Jelaslah dari metode yang berikan Islam –merujuk pada isi pendapat di atas- dapat membuat perubahan pada tatanan sosila, seperti pengutusan Nabi Muhammad yang mampu menyulap kehidupan masyarakat arab yang tidak bermoral menjadi masyarak yang bermoral dalam kancah Internasional. Hal itu juga dapat dijadikan kiasan bahwa ketertindasan dan kemiskinan bukanlah merupakan takdir  tapi merupakan “ihwal sebab-akibat”. Nabi-nabi yang awalnya merupakan orang-orang yang tertindas mampu menjadi orang yang kuat asal dia bekerja keras, berdo’a dan sungguh-sungguh. Ketertindasan dan kemiskinan yang berada pada masyarakat harus diyakini bahwa itu semua tidaklah abadi. Dan bukan merupakan takdir Tuhan bahwa kita akan tertindas secara terus menerus. Secara tidak langsung, Tuhan, melaui nabinya, menginginkan manusia menjadi makhluk yang aktif. Aktif dalam menjadikan jiwanya menjadi jiwa yang besar sehingga persoalaan yang akan menimpa dengan mudah mampu ditangani.

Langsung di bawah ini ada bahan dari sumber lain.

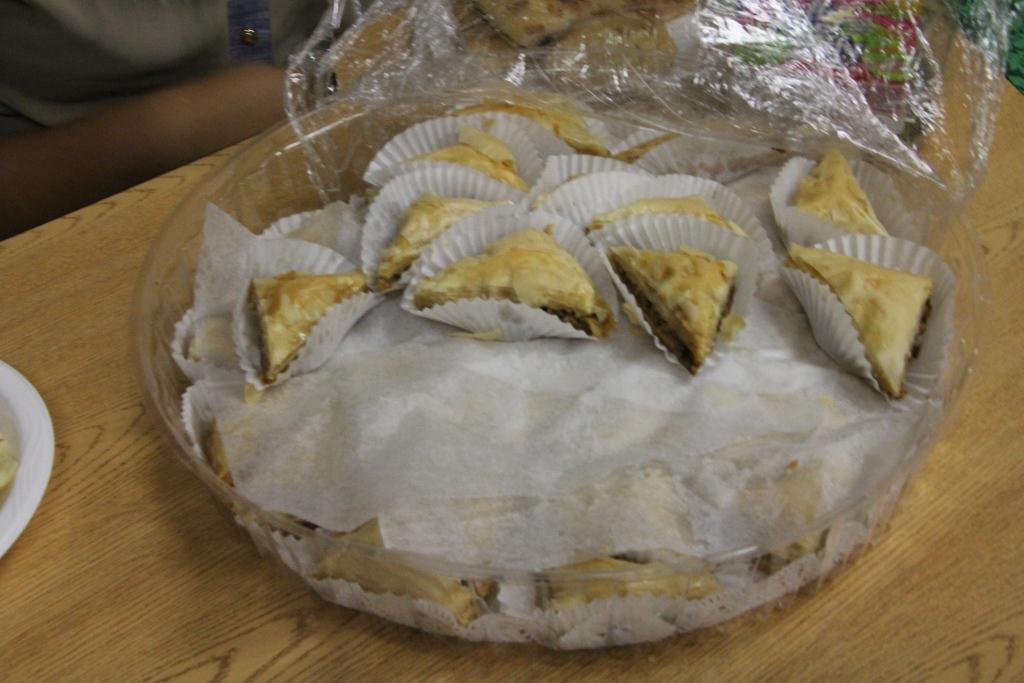 Baklava was served on Friday to the student body. The honey-sweetened flaky pastry represented the country of Greece.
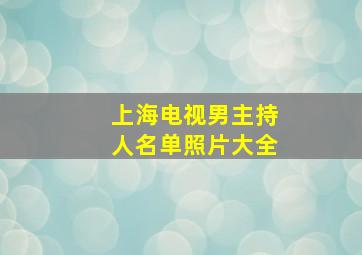 上海电视男主持人名单照片大全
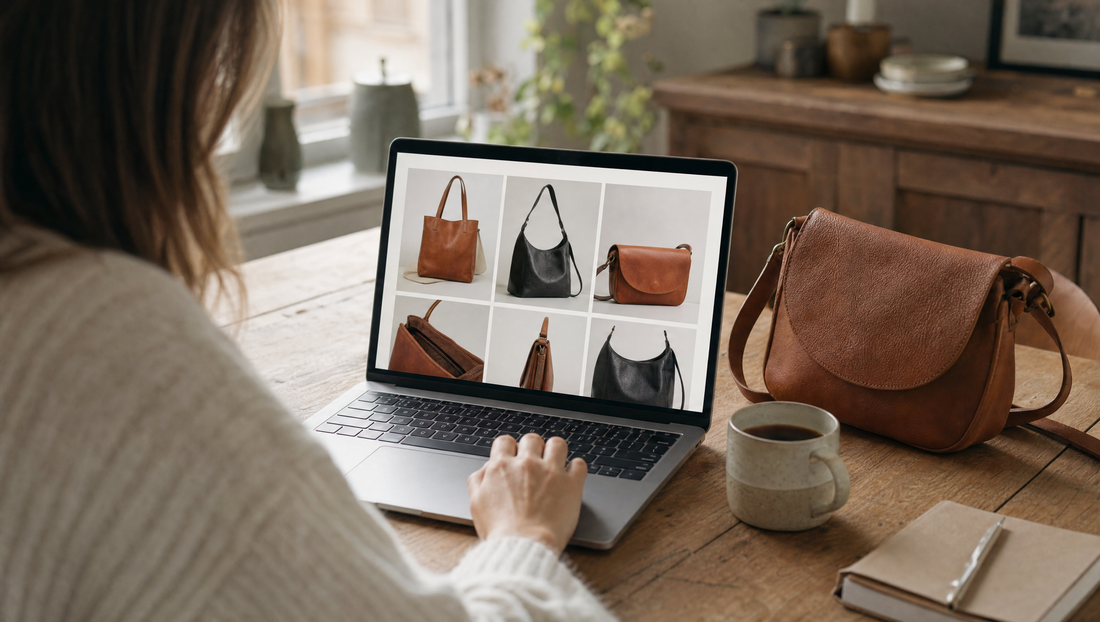 Vrouw bekijkt aan een houten tafel een webshop met leren tassen op haar laptop, naast haar een cognac leren schoudertas en een kop koffie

Tawaran metode yang diberikan Islam hanya menjadi bahan pemikiran belaka, tidak ada penanganan lebih lanjut mengenai hal itu. Ini disebabkan karena adanya modernisasi yang memberi dampak negatif pada etika dan pemikiran masyarakat, meskipun dia juga memberikan dampak yang positif juga terhadap kemajuan masyarakat Indonesia. Kemewahan dan kesenangan yang diberikan oleh modernisasi memunculkan perasaan jenuh dan malas dalam mempelajari Islam dan penerapanya dalam kehidupan ini. Islam sering dijadikan kambing hitam terhadap masalah-masalah yang ada. Keadaan inilah yang membuat pemeluk Islam Indonesia mayoritas berada dalam garis kemiskinan. Mereka tidak mampu melakukan dan menerapkan metode yang diberikan Islam. Mereka merasa Islam hanya sebatas agama dan tidak terdapat nilai yang mampu direalisasikan pada realitas kehidupan. 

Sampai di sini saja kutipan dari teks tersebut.